• **INSTRUCTIONS TO FOLLOW**
Extract the full listing verbatim and drop any pictures from your copy.

• **GIVEN DATA**
BEGIN

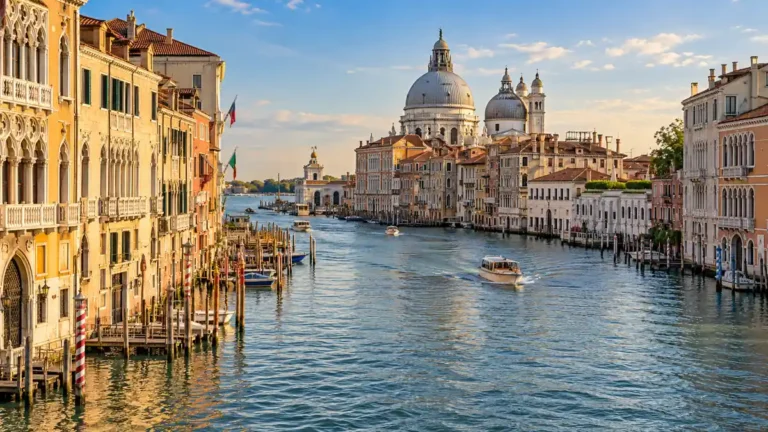 Warm sunlight on Venetian palaces beside the Grand Canal with Santa Maria della Salute in the distance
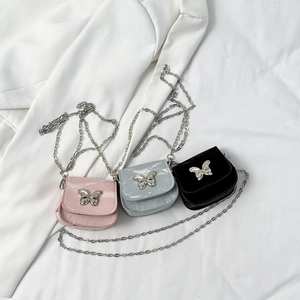 Mini saddle bags with butterfly chains in pink, silver, and black on a white background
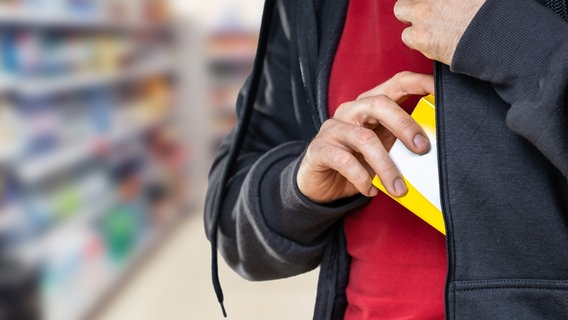 Ein Person stiehlt ein Produkt in einem Supermarkt. (Symbolfoto) © IMAGO / Panthermedia 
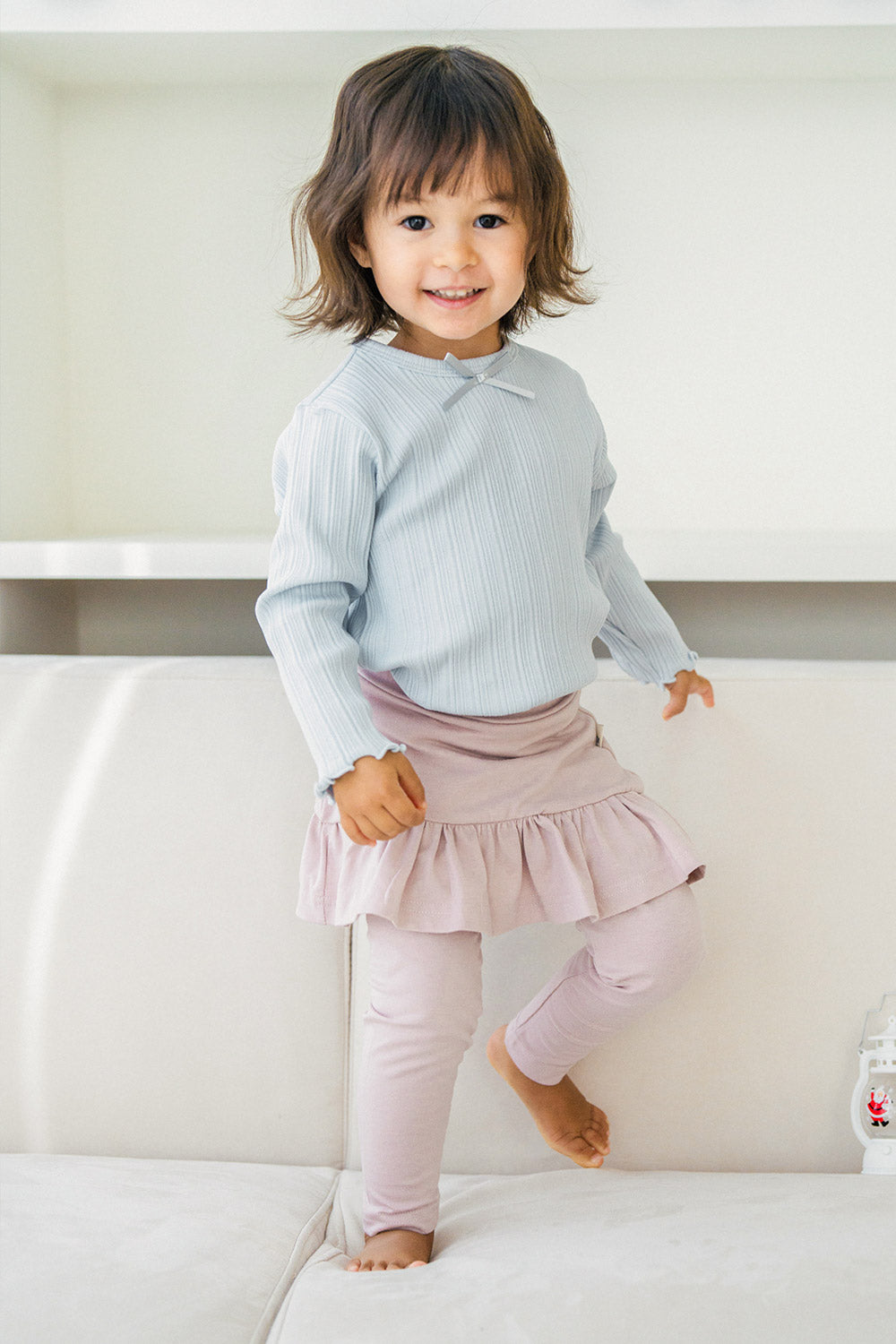 Toddler girl wearing Avauma powder pink ruffle skirt leggings and light blue ribbed top โ soft baby clothing outfit Toddler girl wearing Avauma powder pink ruffle skirt leggings and light blue ribbed top โ soft baby clothing outfit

END

• **RESPONSE TO THE EXERCISE**
 Warm sunlight on Venetian palaces beside the Grand Canal with Santa Maria della Salute in the distance
 Mini saddle bags with butterfly chains in pink, silver, and black on a white background
 Ein Person stiehlt ein Produkt in einem Supermarkt. (Symbolfoto) © IMAGO / Panthermedia 
 Toddler girl wearing Avauma powder pink ruffle skirt leggings and light blue ribbed top โ soft baby clothing outfit Toddler girl wearing Avauma powder pink ruffle skirt leggings and light blue ribbed top โ soft baby clothing outfit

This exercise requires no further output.